> AVAILABLE DATA:
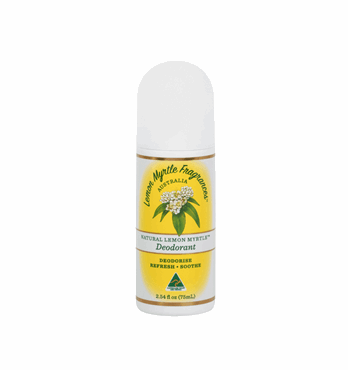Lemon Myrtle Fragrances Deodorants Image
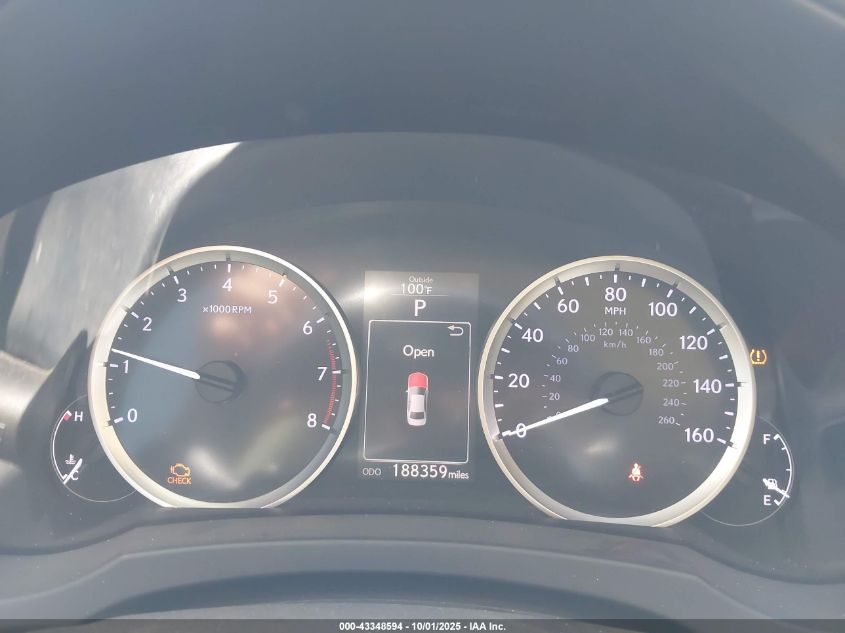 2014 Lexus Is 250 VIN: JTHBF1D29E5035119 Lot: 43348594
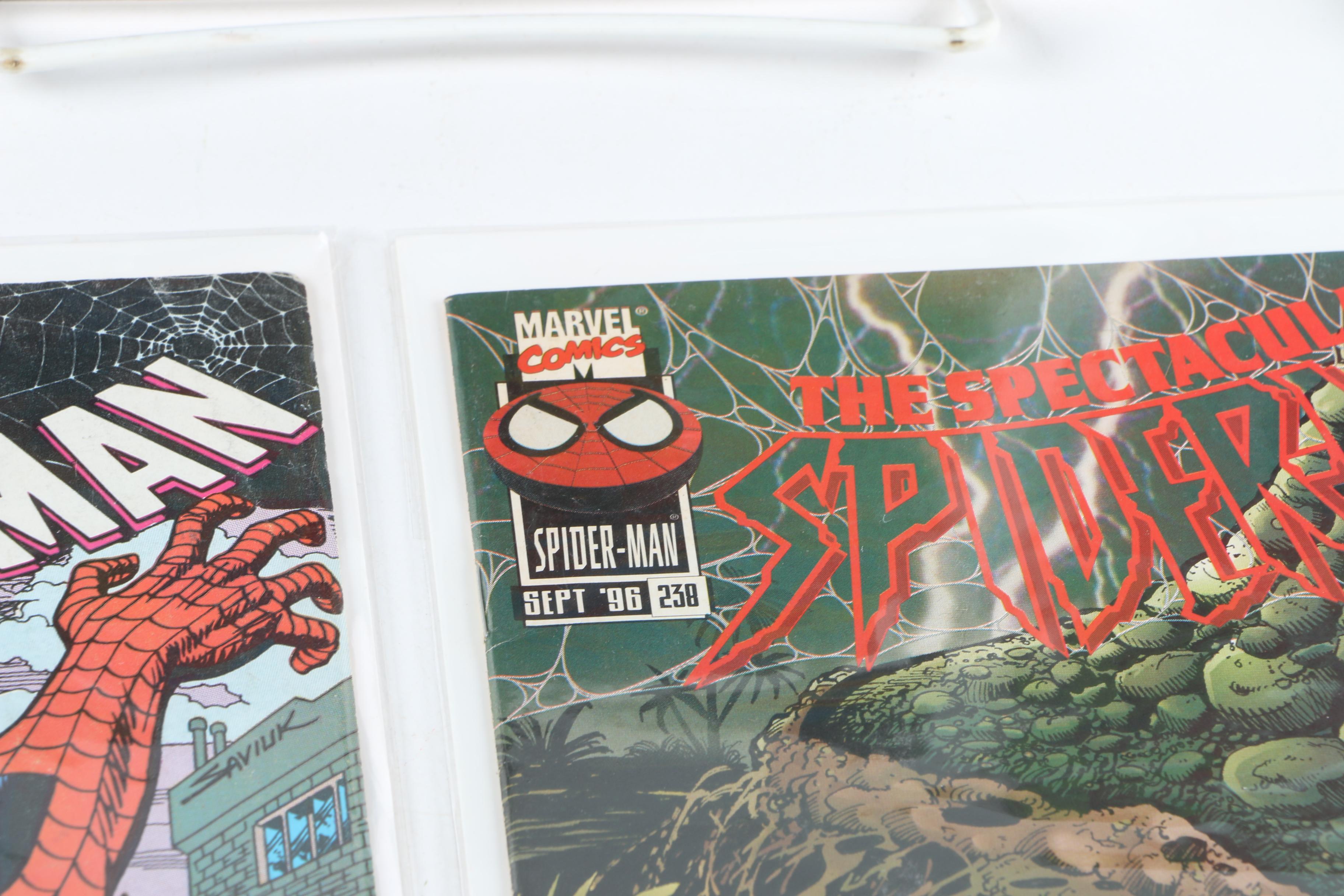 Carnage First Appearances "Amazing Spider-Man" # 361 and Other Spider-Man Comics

> PROBLEM DETAILS:
Restate the data above exactly, stripping out each image.

> SOLUTION TO THIS PROBLEM:
Lemon Myrtle Fragrances Deodorants Image
 2014 Lexus Is 250 VIN: JTHBF1D29E5035119 Lot: 43348594
 Carnage First Appearances "Amazing Spider-Man" # 361 and Other Spider-Man Comics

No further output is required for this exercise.